Improve the performance of my model

moreshud · March 21, 2021, 9:37pm

Hi everyone,

I am working with 3D dataset on 2D Unet network fed per slices. Having gathered insight from the forum over challenges, I finally with some samples and the results show that my model is overfitting. I would like you suggesting in improving the performance of my model

2021-03-19 23_52_07_UNet_pathologies_loss_plot

KFrank · March 22, 2021, 2:50am

Hi Moreshud!

I wouldn’t say that your model is overfitting (yet).

It is true that your training loss is lower that your validation loss – and
is going down more rapidly. But to me overfitting means that your
validation loss starts going up (even while the training loss continues to
decrease). The idea is that your model is fitting the “random” specifics
of your training set so much that it degrades your model’s previous
ability to make good predictions on your validation set.

So keep training for more epochs as long as your validation loss is
still going down – even if it’s larger than your training loss.

Another observation of greater concern to me is that your training
loss starts out significantly larger than your validation loss. This is
something you should get to the bottom of. Is it just a statistical fluke?
You could rerun your training with different random partitions of your
data into the training and validation sets. Are you computing your
training and validation losses in slightly different ways so that you’re
not making a direct comparison? Is it an outright bug?

Best.

K. Frank

aguennecjacq · March 22, 2021, 9:19am

+1 for what KFrank just said, you need to wait a bit more for your model to overfit.
If you want a good starting point to improve your model, start by playing with your learning rate.

Related article: Understanding Learning Rates and How It Improves Performance in Deep Learning | by Hafidz Zulkifli | Towards Data Science

moreshud · March 23, 2021, 5:14am

Thanks for the explanation

I am training for more epoch as you suggested to improve the model performance.

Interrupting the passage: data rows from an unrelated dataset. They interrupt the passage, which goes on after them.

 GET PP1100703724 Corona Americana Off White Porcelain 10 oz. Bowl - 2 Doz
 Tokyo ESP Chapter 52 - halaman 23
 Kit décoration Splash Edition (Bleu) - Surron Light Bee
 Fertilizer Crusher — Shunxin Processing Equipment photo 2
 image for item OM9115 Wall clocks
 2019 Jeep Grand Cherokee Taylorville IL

Due to the nature of the dataset (given as compressed .nii.gz), I converted each of the datasets to .npy in order to train the volumetric data in slices. Doing this, I split the dataset into training, validation, and testing since some of the given files are either without pathologies, with just one pathology, or both (where there is a bit overlap). Currently rerunning with a different splitting ratio of the training to validation.

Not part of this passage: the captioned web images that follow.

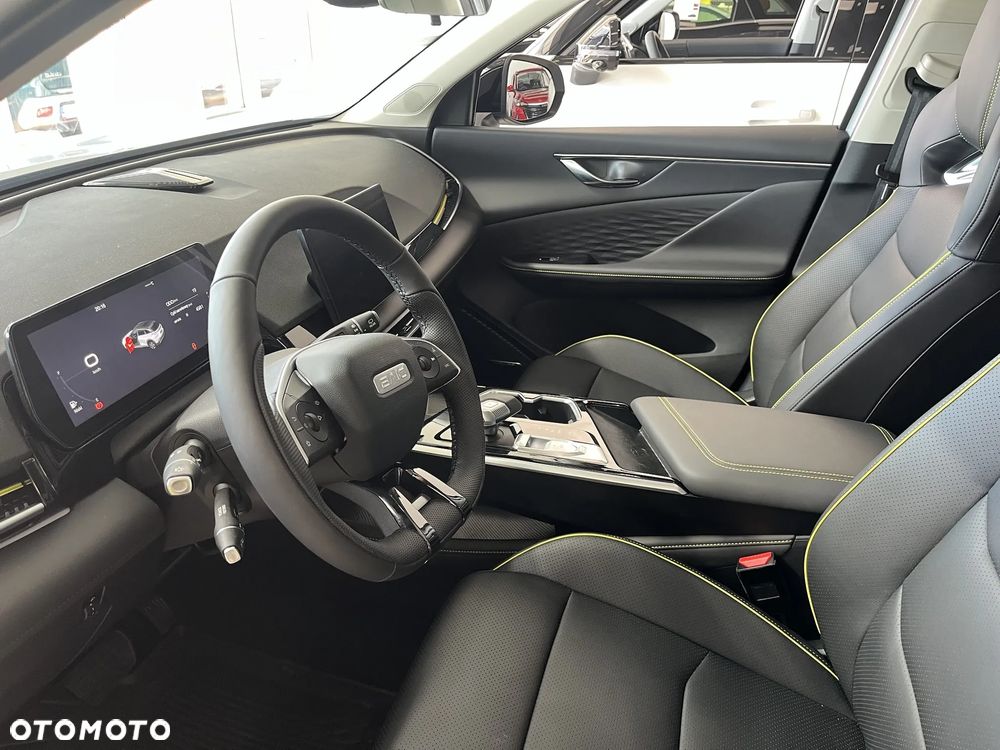 BAIC 5 - 14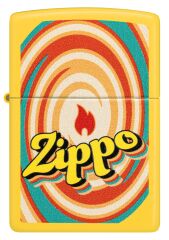Zippo Swirls Dizayn Çakmak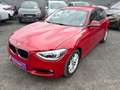 BMW 116 i Rot - thumbnail 4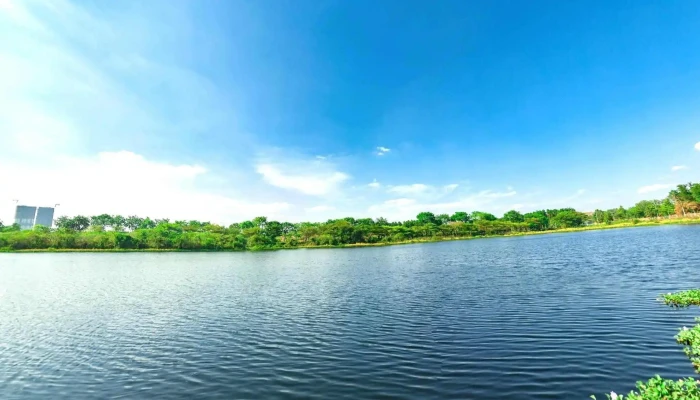 Ho Da Lang Dai Hoc Quoc Gia Che Do Xem Pho Va 360deg - Bình Dương
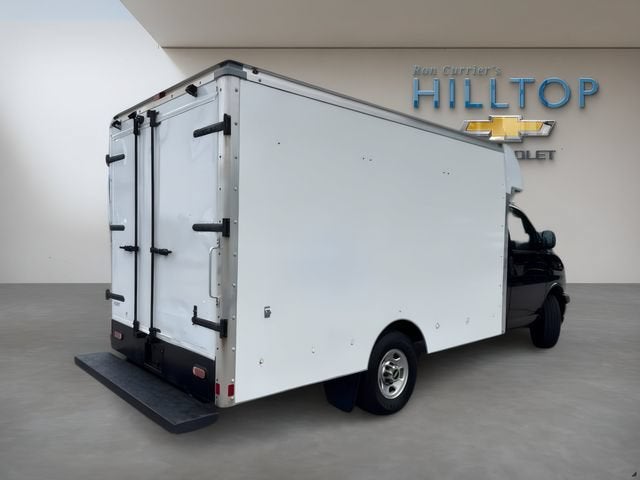2020 Chevrolet Express Cutaway 3500 Base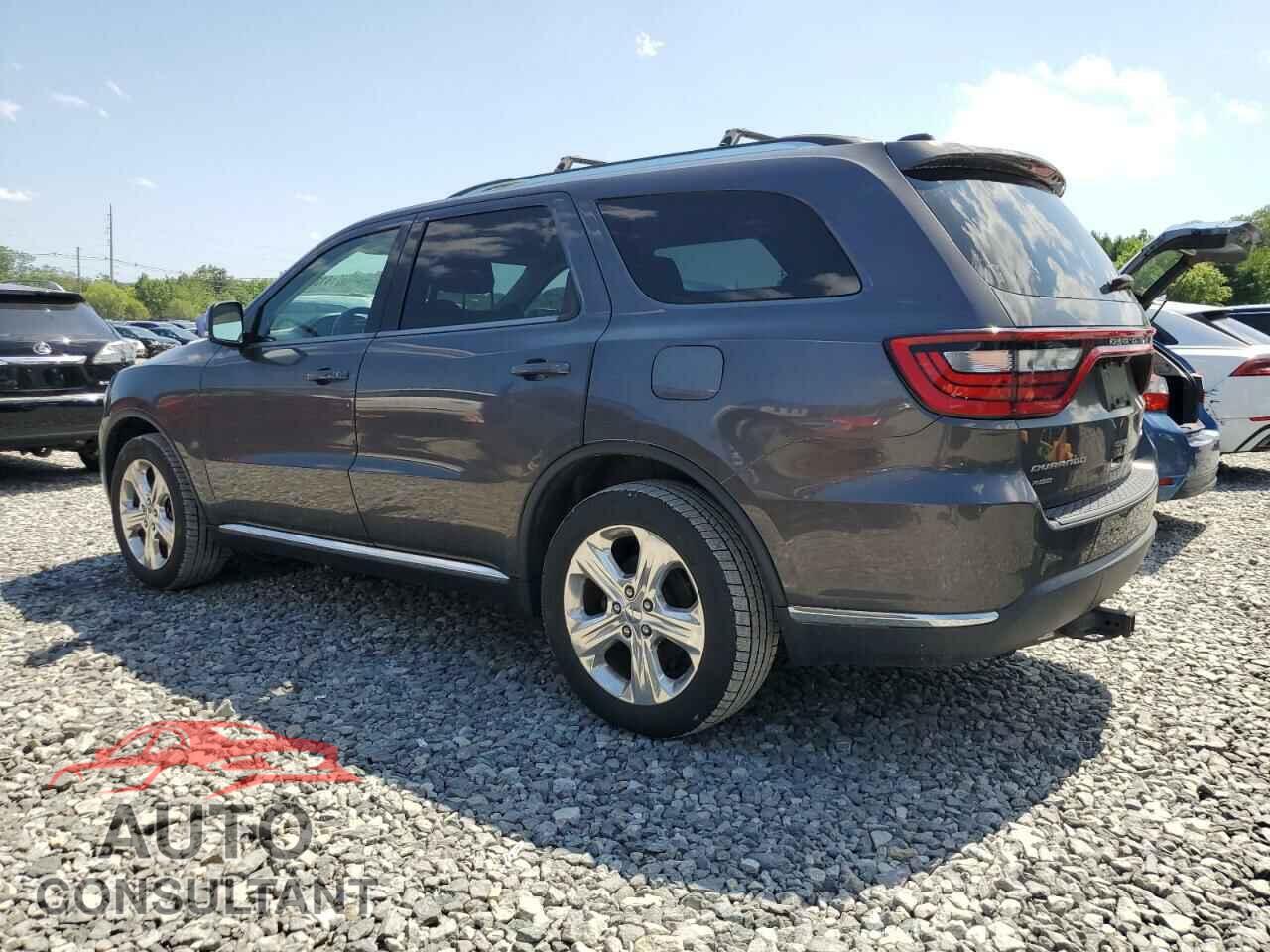 DODGE DURANGO 2015 - 1C4RDJDG9FC771850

This is also one of my worries on seeing the result and I have checked what might likely be the cause. I have computed the loss by initializing to zero on every epoch and followed the example given on the PyTorch site though for a classification task.

print('Training & Validation Started......')
    for epoch in epoch_ranger:
        start_time = time.time()
        
        epoch_loss = {"train":{"pathologies":0, "lunglobes":0}, 
                      "valid":{"pathologies":0, "lunglobes":0}}
        epoch_score = {"train":{"pathologies":0, "lunglobes":0},
                       "valid":{"pathologies":0, "lunglobes":0}}
        epoch_channel = {"train":{}, "valid":{}}
        
        # Each epoch has a training and validation phase
        for phase in ['train', 'valid']:
            if phase == 'train':
                model.train() 
            else:
                model.eval() 

            running_pathologies_loss, running_lunglobes_loss = 0.0, 0.0
            running_pathologies_score, running_lunglobes_score  = 0.0, 0.0

            # Iterate over data.
            for data in dataloaders[phase]:                
                inputs, pathology_target = data

                inputs = inputs.to(device) 
                pathology_target = pathology_target.to(device)
                
                # zero the parameter gradients
                optimizer.zero_grad()
               
                # forward
                with torch.set_grad_enabled(phase == 'train'): 
                    outputs = model(inputs) 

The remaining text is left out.